== Segment start ==

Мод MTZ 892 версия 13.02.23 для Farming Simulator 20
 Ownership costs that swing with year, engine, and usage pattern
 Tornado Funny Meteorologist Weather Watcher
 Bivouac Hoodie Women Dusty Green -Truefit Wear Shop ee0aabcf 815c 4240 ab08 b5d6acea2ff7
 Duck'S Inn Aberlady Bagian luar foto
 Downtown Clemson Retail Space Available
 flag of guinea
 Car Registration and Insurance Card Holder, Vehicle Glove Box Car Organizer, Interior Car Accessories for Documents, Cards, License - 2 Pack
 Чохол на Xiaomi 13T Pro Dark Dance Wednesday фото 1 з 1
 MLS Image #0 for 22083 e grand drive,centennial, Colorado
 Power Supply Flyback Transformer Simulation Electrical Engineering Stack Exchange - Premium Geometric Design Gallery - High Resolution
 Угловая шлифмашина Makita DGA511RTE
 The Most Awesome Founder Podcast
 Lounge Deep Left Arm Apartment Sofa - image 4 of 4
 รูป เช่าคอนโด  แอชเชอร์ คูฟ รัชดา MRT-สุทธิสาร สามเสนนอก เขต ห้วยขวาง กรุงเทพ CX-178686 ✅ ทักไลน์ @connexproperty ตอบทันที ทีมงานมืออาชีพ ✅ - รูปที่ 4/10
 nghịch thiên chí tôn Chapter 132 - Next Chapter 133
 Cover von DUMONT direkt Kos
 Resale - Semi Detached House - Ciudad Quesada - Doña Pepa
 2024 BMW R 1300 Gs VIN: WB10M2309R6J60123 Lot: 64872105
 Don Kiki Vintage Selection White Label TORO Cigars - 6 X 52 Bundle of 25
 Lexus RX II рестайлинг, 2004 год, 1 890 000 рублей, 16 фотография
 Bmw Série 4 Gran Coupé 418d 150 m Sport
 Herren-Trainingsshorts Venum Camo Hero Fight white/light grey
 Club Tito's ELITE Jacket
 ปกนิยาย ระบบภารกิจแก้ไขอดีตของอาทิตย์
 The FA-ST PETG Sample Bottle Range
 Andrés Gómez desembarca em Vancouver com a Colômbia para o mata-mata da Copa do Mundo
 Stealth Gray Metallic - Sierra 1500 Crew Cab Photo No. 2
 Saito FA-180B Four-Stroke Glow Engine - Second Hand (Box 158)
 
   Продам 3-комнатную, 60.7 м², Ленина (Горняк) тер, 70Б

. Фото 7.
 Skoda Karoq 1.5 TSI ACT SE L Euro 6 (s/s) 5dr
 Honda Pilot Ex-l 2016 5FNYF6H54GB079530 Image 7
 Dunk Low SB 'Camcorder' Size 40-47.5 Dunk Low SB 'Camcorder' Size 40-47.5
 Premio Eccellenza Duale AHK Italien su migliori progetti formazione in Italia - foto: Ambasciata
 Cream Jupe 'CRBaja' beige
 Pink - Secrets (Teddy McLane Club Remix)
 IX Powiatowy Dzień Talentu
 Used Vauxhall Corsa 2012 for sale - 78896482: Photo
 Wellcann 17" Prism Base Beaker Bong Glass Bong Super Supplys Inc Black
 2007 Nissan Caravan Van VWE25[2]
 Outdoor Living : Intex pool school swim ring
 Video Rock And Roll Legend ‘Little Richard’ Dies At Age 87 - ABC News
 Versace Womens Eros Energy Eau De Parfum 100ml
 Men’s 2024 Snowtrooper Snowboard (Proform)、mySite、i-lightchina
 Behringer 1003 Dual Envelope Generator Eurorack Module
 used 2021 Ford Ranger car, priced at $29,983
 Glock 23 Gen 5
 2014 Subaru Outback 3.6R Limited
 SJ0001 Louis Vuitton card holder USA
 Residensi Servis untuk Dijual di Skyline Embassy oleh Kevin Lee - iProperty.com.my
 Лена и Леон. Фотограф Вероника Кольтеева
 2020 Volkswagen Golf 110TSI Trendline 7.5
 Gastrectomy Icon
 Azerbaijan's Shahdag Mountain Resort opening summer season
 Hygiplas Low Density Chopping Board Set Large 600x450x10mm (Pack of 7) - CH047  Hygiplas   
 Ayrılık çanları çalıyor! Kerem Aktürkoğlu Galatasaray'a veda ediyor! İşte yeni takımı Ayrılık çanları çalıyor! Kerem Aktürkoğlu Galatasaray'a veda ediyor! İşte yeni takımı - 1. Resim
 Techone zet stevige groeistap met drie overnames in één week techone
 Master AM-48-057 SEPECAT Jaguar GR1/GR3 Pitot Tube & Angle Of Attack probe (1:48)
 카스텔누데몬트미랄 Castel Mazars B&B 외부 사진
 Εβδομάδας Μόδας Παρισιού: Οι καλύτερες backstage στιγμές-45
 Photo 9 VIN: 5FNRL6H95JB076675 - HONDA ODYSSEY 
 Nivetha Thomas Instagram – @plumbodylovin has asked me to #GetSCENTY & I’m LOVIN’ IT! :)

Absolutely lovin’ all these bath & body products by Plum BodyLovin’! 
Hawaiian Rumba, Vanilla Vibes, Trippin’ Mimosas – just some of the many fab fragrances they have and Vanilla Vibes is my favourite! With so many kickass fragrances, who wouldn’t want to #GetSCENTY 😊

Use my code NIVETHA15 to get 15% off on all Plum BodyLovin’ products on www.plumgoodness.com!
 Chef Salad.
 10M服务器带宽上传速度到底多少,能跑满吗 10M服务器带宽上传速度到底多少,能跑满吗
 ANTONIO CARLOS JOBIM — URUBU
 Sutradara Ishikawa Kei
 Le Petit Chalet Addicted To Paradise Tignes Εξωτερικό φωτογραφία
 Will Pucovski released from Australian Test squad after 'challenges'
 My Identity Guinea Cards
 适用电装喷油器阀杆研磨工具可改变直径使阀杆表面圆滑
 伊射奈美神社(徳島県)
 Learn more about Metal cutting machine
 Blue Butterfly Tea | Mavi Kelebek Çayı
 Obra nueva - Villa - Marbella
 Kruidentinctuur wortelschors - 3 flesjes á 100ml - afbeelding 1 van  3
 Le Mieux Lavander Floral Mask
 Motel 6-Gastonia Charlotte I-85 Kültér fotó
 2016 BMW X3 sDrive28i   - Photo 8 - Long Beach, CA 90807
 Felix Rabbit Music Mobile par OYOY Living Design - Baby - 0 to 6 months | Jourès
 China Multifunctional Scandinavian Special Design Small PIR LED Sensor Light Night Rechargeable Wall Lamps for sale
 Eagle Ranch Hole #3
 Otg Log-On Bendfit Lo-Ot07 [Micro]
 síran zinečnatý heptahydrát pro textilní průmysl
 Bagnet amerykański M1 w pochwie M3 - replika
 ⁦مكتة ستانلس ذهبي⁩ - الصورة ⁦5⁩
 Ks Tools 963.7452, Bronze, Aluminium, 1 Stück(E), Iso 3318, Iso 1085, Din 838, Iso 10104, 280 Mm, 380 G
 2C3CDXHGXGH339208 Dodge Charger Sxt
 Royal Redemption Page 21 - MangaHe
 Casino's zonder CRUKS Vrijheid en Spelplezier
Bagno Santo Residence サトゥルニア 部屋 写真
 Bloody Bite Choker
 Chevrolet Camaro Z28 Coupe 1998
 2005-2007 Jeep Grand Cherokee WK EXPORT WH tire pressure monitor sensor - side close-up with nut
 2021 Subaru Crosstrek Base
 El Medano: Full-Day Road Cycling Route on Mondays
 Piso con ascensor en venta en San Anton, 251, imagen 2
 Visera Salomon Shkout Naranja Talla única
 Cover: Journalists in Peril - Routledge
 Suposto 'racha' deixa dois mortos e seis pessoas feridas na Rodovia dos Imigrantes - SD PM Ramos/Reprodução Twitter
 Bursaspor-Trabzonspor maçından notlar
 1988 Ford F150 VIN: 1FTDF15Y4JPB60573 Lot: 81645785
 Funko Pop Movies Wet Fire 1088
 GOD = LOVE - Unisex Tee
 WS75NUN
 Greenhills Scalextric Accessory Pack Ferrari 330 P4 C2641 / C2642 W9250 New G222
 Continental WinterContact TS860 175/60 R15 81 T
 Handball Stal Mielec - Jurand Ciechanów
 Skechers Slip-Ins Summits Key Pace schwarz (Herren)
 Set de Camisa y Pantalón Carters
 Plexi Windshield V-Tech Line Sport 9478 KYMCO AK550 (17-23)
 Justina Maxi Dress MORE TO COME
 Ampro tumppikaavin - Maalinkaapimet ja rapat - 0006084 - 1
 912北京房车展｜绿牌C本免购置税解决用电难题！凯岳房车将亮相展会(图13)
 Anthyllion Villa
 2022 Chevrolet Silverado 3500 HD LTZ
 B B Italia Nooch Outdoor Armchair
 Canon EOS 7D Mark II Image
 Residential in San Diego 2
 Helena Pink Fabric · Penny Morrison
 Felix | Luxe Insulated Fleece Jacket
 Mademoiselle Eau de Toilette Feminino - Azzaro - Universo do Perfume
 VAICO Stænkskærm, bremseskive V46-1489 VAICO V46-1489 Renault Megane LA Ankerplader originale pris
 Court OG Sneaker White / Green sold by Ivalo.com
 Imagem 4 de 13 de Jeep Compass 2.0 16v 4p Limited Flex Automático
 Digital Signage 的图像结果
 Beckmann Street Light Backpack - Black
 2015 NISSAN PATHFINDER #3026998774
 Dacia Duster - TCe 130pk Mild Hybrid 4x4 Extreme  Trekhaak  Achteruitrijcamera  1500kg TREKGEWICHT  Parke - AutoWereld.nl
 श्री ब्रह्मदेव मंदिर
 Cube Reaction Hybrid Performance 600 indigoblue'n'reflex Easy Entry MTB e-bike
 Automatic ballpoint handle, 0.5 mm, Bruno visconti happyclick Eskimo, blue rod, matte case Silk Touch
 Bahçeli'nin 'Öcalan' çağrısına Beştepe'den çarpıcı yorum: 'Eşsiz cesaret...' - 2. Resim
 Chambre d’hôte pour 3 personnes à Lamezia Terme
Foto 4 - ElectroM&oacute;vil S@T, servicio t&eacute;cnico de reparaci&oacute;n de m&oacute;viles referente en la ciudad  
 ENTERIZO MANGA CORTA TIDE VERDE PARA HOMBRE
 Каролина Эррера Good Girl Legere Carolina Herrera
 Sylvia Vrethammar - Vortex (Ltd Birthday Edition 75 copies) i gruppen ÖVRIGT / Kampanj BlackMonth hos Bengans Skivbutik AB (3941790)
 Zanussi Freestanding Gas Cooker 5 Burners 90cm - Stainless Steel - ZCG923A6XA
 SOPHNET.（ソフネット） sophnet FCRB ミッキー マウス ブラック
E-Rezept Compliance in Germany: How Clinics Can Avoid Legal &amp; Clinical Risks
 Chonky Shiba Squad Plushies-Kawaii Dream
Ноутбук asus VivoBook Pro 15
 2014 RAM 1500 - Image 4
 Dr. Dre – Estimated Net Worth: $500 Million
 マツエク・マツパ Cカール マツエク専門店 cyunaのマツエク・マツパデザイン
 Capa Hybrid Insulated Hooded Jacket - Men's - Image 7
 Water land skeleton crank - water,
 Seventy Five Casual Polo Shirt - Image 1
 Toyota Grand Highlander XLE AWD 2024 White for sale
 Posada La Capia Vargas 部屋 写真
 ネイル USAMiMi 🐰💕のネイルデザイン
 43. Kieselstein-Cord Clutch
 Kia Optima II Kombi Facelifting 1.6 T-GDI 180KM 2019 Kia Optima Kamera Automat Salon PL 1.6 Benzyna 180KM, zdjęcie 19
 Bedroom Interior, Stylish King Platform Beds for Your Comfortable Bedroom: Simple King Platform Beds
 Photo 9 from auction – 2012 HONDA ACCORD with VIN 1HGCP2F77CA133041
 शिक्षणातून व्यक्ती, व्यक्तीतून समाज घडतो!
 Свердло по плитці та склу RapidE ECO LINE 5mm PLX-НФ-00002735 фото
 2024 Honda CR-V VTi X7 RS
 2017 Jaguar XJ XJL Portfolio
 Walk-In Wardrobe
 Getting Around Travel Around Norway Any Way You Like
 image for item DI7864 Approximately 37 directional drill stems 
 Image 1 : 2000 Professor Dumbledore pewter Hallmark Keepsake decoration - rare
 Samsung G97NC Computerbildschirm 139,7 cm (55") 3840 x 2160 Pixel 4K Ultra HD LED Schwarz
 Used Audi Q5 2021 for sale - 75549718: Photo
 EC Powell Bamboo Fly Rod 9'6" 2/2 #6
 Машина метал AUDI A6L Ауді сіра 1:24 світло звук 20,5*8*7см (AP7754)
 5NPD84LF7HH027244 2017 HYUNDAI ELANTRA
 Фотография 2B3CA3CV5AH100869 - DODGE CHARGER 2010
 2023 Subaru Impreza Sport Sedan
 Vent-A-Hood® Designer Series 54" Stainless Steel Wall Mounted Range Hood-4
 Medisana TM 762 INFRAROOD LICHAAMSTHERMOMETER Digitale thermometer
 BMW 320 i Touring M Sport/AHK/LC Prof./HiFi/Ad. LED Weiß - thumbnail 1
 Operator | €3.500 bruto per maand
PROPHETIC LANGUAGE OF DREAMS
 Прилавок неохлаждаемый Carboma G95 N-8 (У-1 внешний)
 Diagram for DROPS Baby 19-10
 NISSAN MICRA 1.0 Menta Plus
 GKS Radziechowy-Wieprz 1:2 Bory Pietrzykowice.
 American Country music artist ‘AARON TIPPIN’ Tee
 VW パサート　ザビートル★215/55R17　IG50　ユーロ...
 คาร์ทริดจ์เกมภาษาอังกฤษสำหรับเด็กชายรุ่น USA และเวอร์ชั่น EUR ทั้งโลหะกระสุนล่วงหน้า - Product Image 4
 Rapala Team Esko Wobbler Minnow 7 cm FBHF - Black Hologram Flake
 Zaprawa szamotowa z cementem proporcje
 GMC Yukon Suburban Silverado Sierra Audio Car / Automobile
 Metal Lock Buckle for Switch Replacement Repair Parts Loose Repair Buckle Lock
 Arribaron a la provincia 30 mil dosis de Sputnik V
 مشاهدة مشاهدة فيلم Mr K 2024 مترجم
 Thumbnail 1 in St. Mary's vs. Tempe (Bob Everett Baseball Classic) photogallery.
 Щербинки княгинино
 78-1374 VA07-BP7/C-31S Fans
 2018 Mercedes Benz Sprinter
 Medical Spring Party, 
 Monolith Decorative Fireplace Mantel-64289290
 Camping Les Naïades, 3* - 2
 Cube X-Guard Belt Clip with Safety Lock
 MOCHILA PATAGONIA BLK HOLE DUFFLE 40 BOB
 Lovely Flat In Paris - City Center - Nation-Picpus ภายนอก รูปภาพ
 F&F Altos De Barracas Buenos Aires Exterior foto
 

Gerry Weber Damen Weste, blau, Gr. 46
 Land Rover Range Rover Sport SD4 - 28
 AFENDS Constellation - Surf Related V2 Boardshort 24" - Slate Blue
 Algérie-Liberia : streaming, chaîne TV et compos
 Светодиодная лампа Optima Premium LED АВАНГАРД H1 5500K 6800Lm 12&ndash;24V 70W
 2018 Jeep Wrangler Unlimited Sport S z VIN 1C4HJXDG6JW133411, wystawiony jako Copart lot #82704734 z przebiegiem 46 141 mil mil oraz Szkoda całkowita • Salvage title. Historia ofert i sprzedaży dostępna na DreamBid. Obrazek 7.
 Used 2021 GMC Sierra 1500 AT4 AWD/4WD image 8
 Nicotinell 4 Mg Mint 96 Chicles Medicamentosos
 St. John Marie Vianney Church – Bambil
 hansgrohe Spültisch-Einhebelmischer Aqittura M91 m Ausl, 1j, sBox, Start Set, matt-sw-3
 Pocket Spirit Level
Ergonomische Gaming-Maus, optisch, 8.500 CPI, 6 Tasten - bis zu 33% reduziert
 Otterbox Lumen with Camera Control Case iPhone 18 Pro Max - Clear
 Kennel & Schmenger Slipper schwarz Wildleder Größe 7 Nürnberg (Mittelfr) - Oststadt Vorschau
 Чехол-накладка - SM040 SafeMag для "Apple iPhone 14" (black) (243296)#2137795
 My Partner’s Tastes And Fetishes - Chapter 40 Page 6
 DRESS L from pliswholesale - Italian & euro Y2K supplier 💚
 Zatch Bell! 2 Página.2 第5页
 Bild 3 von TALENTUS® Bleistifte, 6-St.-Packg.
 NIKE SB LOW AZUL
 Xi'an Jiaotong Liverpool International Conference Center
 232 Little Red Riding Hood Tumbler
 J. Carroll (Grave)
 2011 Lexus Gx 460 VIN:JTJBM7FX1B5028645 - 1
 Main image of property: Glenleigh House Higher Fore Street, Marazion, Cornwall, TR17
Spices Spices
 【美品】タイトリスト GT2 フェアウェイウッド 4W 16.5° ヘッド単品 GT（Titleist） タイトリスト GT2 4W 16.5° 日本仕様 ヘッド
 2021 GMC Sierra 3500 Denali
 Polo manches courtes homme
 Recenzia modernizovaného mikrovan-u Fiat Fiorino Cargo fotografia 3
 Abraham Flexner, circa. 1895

== Segment end ==

Work to be completed: Give again, word for word, the lines of the listing, starting at its first line and ending with the line containing "Cover von DUMONT direkt Kos".

Solved exercise:
Мод MTZ 892 версия 13.02.23 для Farming Simulator 20
 Ownership costs that swing with year, engine, and usage pattern
 Tornado Funny Meteorologist Weather Watcher
 Bivouac Hoodie Women Dusty Green -Truefit Wear Shop ee0aabcf 815c 4240 ab08 b5d6acea2ff7
 Duck'S Inn Aberlady Bagian luar foto
 Downtown Clemson Retail Space Available
 flag of guinea
 Car Registration and Insurance Card Holder, Vehicle Glove Box Car Organizer, Interior Car Accessories for Documents, Cards, License - 2 Pack
 Чохол на Xiaomi 13T Pro Dark Dance Wednesday фото 1 з 1
 MLS Image #0 for 22083 e grand drive,centennial, Colorado
 Power Supply Flyback Transformer Simulation Electrical Engineering Stack Exchange - Premium Geometric Design Gallery - High Resolution
 Угловая шлифмашина Makita DGA511RTE
 The Most Awesome Founder Podcast
 Lounge Deep Left Arm Apartment Sofa - image 4 of 4
 รูป เช่าคอนโด  แอชเชอร์ คูฟ รัชดา MRT-สุทธิสาร สามเสนนอก เขต ห้วยขวาง กรุงเทพ CX-178686 ✅ ทักไลน์ @connexproperty ตอบทันที ทีมงานมืออาชีพ ✅ - รูปที่ 4/10
 nghịch thiên chí tôn Chapter 132 - Next Chapter 133
 Cover von DUMONT direkt Kos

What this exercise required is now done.